でも、この曲を聴いた人に〈自分の立場をはっきりしてないなんて逃げてる〉って思われるかもしれない。僕もそうかもしれないと思うところもあるから、発表するかどうか悩んでいた時期があったんです」
――最近の世の中は白黒はっきりさせないといけない空気になっていますからね。そんな空気を窮屈に感じている人は多いと思うので、強いメッセージを発信するのとは別に、こういう弱さを表現するのも大切ですよ。

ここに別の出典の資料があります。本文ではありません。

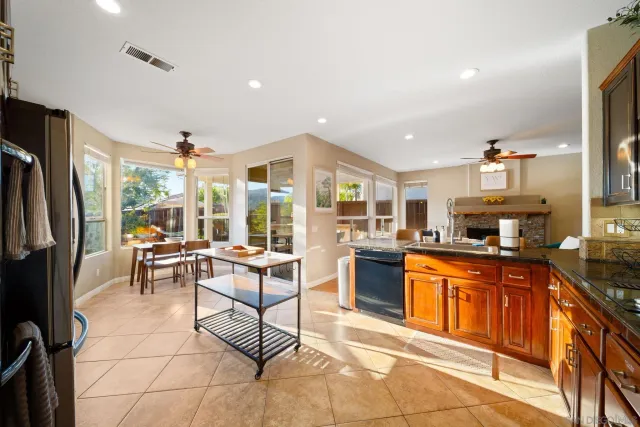 a kitchen with granite countertop a sink stove and cabinets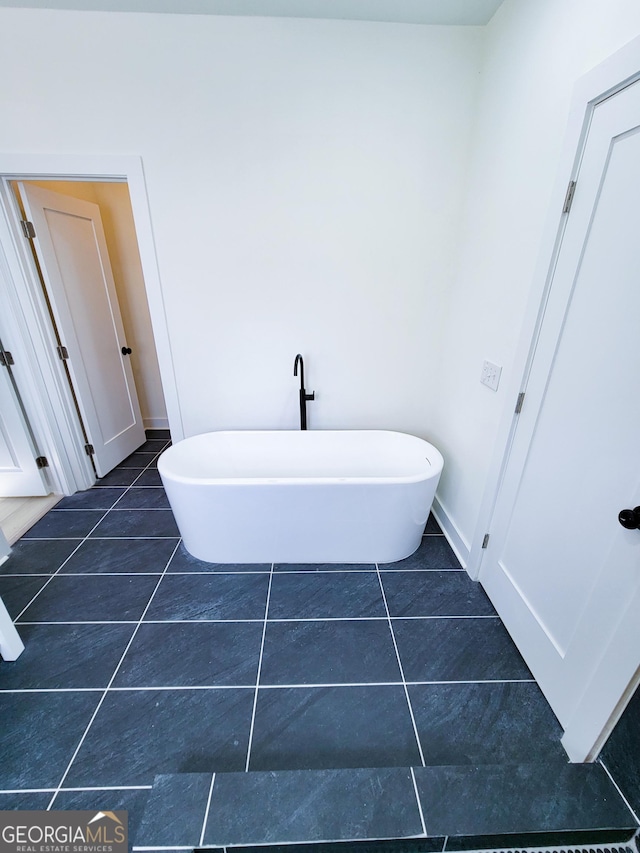 bathroom featuring tile patterned flooring, a soaking tub, and baseboards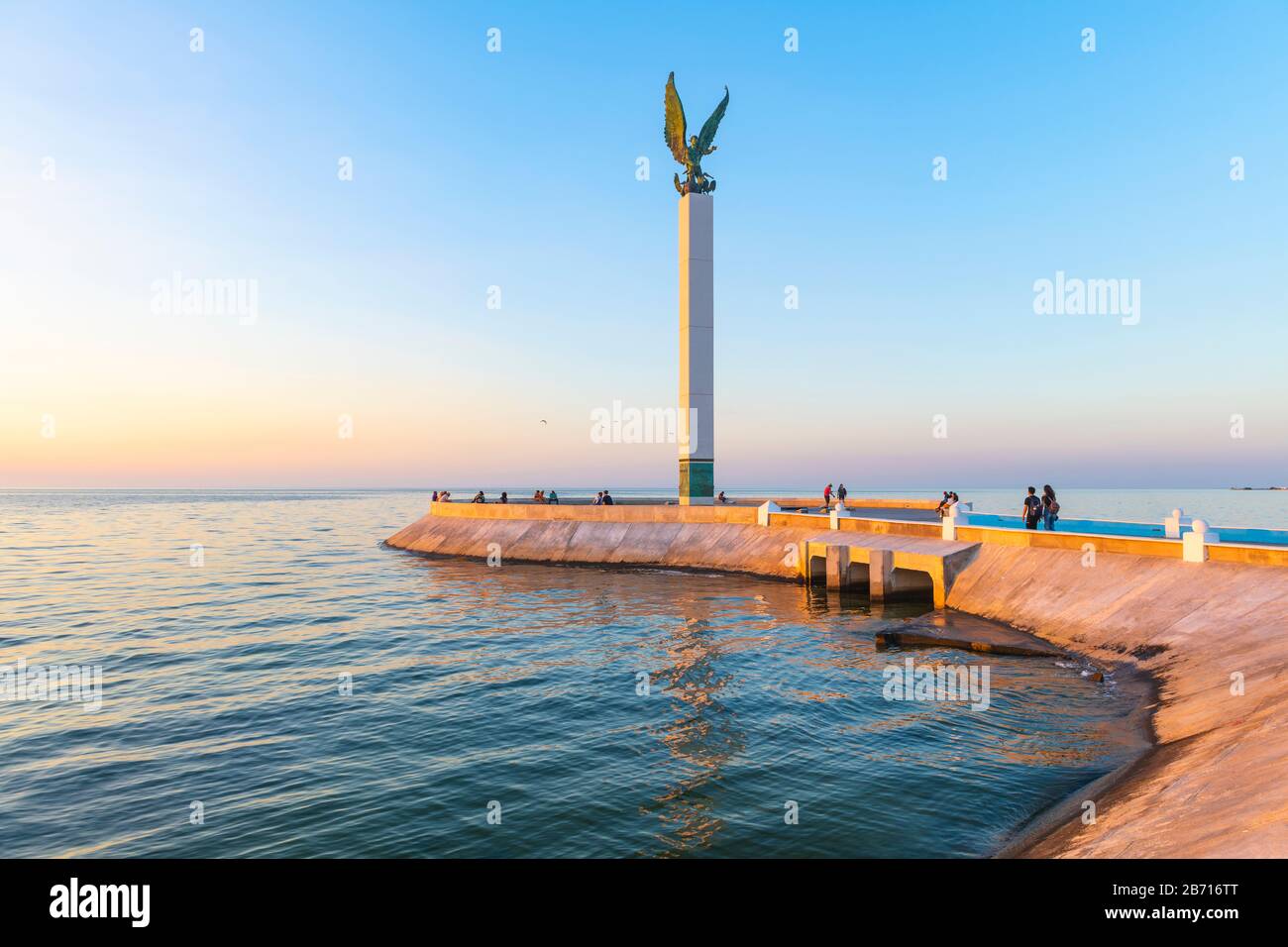 The pier of Campeche illuminated at sunset and its waterfront promenade with people by the Gulf of Mexico, Mexico. Stock Photo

古賀「あんまり自分の考えを押し付けないようにしよう、というのは意識していましたね。“そうはいっても”は〈メッセージを伝えるのは難しい〉という曲なんですけど、“未来”も自分が思っていることを書いた曲で〈今何が起こっているのか、ちゃんと見ようよ〉と歌っているんです。でも、見るのがしんどい人もいるじゃないですか。だから、最初は〈できるだけ目をそらさないようにして 世界を映し出せ〉という歌詞だったんですけど、最終的に〈できるだけ目をそらさないようにして 世界を映し出すことができたら〉っていう風にしたんです」
――命令口調はゴリラ祭ーズに似合わないかもしれないですね(笑)。
もっと歌っていこう
――もう一曲のボーカル曲“秘密”はちょっと異色の曲ですね。これまでのゴリラ祭ーズの曲にもなかったような、しっとりとした大人っぽい曲です。

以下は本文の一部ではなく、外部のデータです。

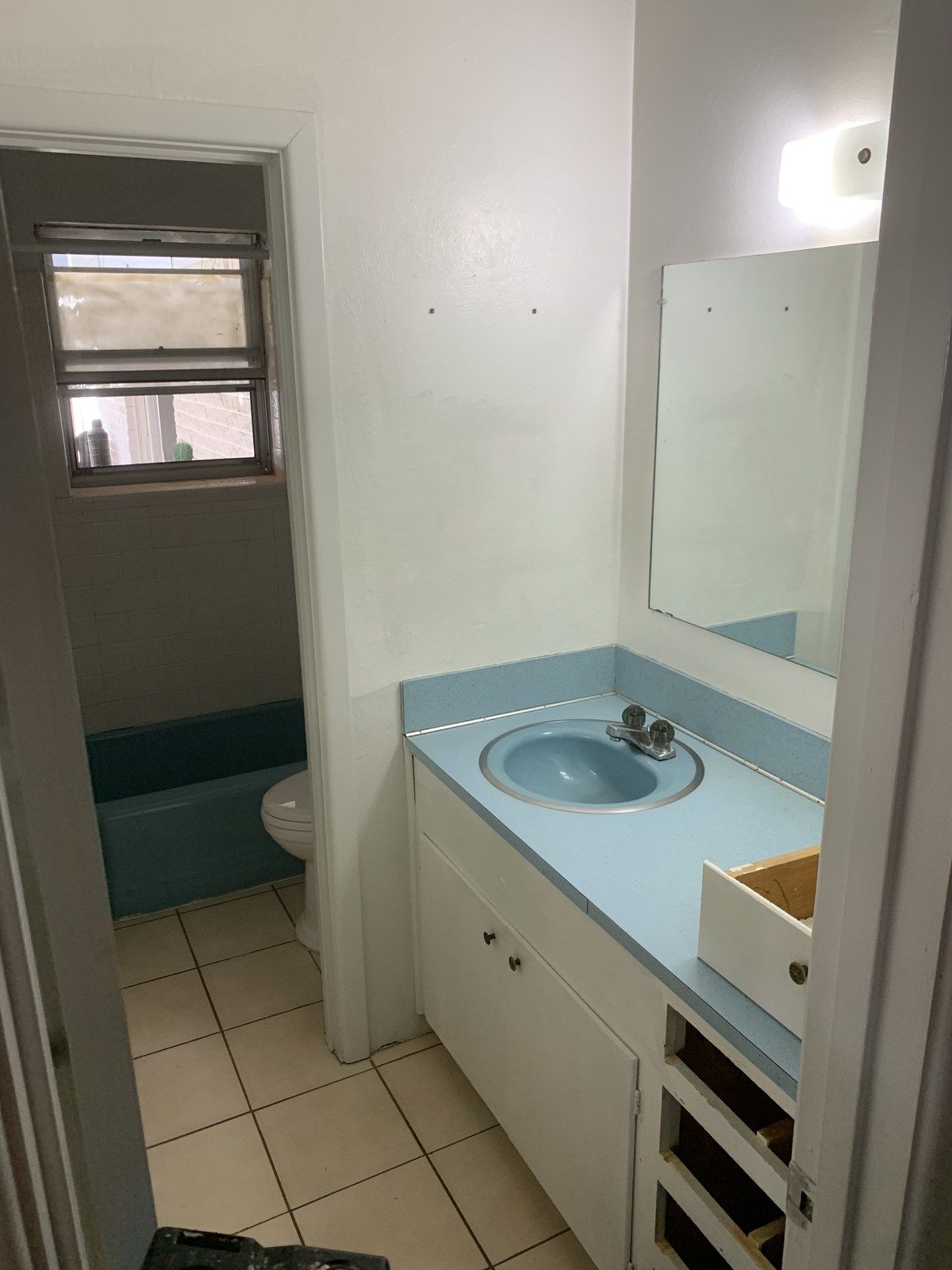 Bathroom before the remodel, with a blue laminate counter, blue sink and an old blue tub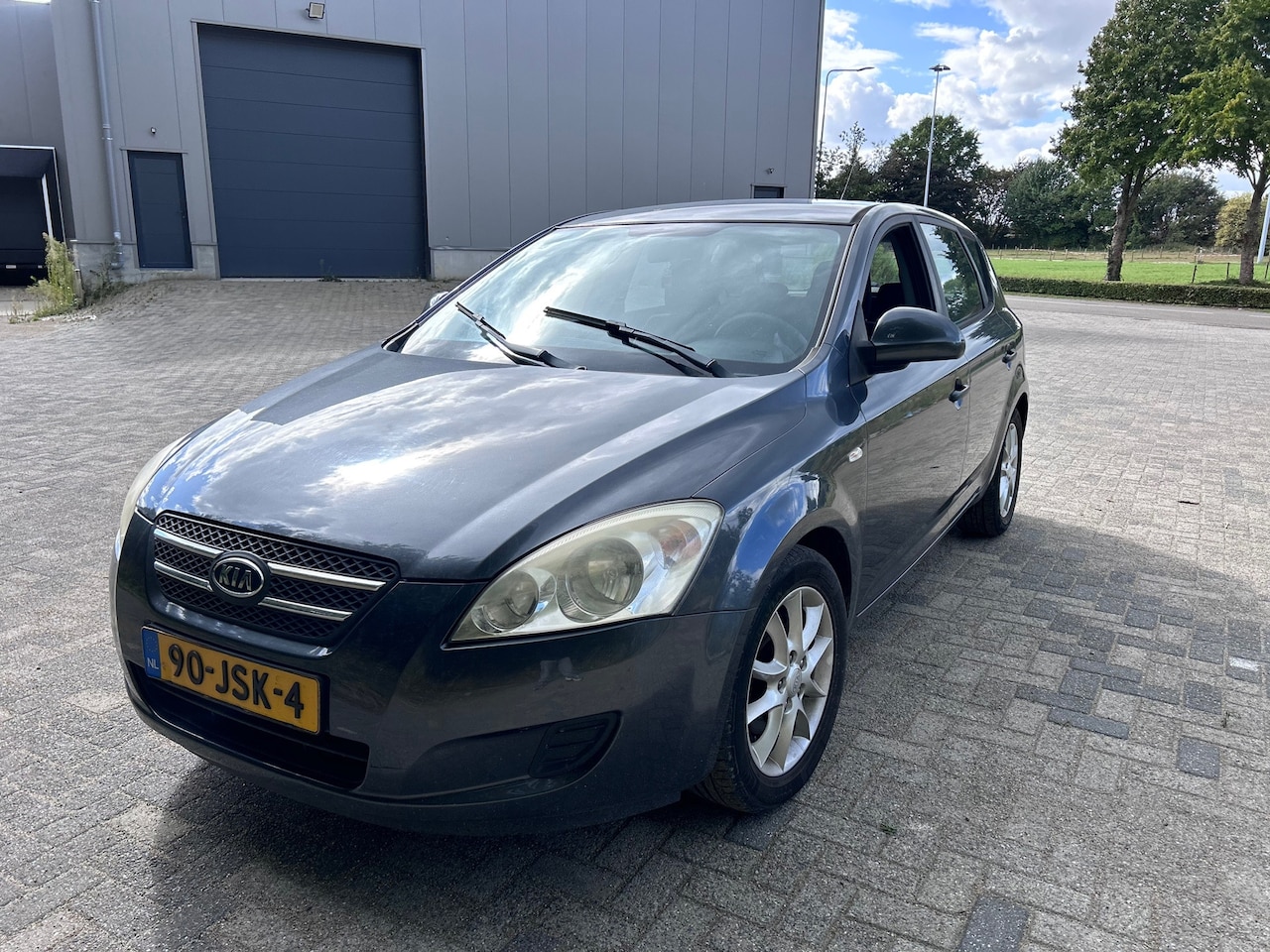 Kia Cee'd - 1.4 Fifteen ISG Airco - AutoWereld.nl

古賀「歌モノは“そうはいっても”と“未来”だけにする予定だったんです。対になるようなこの2曲を入れたら良い感じになるかな、と思って。“秘密”はアルバムのことは考えずにポロっとできた曲で、去年の秋ぐらいにバイト中に思いつきました」
――古賀くんがガットギターの弾き語りで歌っていて、そこにリコーダーやメロディカのソロが入る。ギター一本で聴かせられるような曲を、バンドのアレンジにするのは難しかったのでは?
古賀「本当に難しかったです(苦笑)。おっしゃる通り、ギター一本で行こうかな、とも思ったんですけど、やっぱりバンドでやりたいと思って。この曲はアルバムで唯一、3人で集まって一発録りしました。1日だけ3人で僕の家に泊まれる日があって、その時に3人でアレンジを考えて家で録音したんです」
――この親密な雰囲気を出すには、3人で一緒にやったほうが良いかもしれないですね。古賀くんの歌声の魅力も引き出されていますが、古賀くんの歌声はバンドの音にあってますよね。朴訥としていて、どこか安心できる。
古賀「リコーダーと鍵盤ハーモニカが高い音域の音やから、僕の低い声がいい感じで混ざっているのかもしれないですね」
平野「今回のボーカル曲3曲を聴いた時、どれも声の質感が違うなって思いました」
古賀「お、歌い分けられるようになってきたんかな(笑)」
――ボーカリストとして覚醒し始めている?
古賀「前のアルバムより、歌うことへの抵抗感はだいぶ減ってきた感じはあって。いまバンド内で〈もっと歌っていこう〉っていう話をしているんです」
――歌モノが増えるのも良いですね。